■ **Your objective**
Below are the entries; count how many lines contain the word "Love" and reply with that number alone.
--------
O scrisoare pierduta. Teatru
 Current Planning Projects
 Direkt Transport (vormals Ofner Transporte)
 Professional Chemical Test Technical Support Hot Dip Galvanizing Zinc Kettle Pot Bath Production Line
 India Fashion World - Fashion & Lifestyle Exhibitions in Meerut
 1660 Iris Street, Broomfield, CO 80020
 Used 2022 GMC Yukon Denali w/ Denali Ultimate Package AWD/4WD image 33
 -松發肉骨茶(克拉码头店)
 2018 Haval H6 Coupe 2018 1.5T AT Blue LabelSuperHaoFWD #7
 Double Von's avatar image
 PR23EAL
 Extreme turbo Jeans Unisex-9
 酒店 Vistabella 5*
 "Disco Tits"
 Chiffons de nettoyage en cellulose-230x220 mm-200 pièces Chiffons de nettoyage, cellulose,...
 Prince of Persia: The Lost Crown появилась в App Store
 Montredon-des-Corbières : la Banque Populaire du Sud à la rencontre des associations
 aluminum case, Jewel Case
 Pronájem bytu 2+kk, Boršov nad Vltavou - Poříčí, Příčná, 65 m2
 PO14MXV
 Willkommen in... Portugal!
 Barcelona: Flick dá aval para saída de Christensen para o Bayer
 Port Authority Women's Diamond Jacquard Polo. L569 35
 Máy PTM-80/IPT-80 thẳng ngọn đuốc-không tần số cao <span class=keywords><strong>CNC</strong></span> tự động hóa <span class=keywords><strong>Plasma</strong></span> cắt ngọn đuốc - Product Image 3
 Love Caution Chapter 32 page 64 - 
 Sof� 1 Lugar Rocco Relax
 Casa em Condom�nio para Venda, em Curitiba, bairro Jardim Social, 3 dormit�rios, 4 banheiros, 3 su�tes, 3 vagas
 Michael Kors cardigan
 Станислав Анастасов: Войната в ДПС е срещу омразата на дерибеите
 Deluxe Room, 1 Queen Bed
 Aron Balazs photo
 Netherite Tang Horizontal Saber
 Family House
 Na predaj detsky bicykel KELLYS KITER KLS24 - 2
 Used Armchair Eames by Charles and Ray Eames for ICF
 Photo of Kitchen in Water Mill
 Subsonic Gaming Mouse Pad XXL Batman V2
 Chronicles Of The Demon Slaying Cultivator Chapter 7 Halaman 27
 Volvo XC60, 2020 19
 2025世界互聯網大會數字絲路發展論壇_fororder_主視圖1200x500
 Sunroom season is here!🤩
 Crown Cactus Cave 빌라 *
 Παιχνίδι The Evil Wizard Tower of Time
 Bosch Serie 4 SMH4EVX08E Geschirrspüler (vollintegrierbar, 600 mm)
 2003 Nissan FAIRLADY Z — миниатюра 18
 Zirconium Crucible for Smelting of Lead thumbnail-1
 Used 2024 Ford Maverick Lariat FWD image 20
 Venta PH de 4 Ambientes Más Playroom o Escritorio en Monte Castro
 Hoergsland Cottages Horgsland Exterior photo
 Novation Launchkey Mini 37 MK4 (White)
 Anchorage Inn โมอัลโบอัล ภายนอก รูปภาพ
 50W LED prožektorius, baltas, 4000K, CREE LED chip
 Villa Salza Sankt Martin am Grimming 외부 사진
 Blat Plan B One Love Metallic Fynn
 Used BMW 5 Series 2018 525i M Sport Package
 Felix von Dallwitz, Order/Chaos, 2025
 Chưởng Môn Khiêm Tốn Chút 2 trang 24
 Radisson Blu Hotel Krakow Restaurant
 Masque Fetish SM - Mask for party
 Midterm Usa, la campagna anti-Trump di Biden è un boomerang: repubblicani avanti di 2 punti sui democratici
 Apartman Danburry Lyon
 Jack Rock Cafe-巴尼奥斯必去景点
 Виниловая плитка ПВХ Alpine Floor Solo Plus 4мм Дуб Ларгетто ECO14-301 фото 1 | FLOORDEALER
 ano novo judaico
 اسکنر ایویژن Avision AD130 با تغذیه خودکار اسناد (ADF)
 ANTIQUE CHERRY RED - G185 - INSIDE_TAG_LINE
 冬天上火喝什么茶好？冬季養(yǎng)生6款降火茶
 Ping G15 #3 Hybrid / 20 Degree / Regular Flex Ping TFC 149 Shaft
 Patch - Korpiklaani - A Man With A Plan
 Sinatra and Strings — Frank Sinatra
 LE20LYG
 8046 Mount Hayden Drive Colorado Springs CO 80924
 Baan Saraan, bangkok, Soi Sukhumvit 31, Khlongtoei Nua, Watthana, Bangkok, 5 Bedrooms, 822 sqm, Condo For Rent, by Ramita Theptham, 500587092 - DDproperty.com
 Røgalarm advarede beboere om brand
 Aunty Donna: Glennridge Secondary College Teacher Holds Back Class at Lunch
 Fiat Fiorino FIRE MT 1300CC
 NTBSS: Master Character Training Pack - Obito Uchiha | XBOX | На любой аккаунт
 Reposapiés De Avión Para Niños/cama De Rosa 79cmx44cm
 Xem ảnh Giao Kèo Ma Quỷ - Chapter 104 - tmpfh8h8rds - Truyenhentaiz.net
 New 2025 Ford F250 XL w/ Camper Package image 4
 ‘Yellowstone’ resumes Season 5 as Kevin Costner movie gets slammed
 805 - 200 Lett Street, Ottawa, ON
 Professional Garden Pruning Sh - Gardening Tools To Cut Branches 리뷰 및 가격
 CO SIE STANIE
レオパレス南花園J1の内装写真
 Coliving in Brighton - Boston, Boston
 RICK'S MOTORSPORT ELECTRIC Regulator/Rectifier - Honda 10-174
--------
■ **Written answer**
2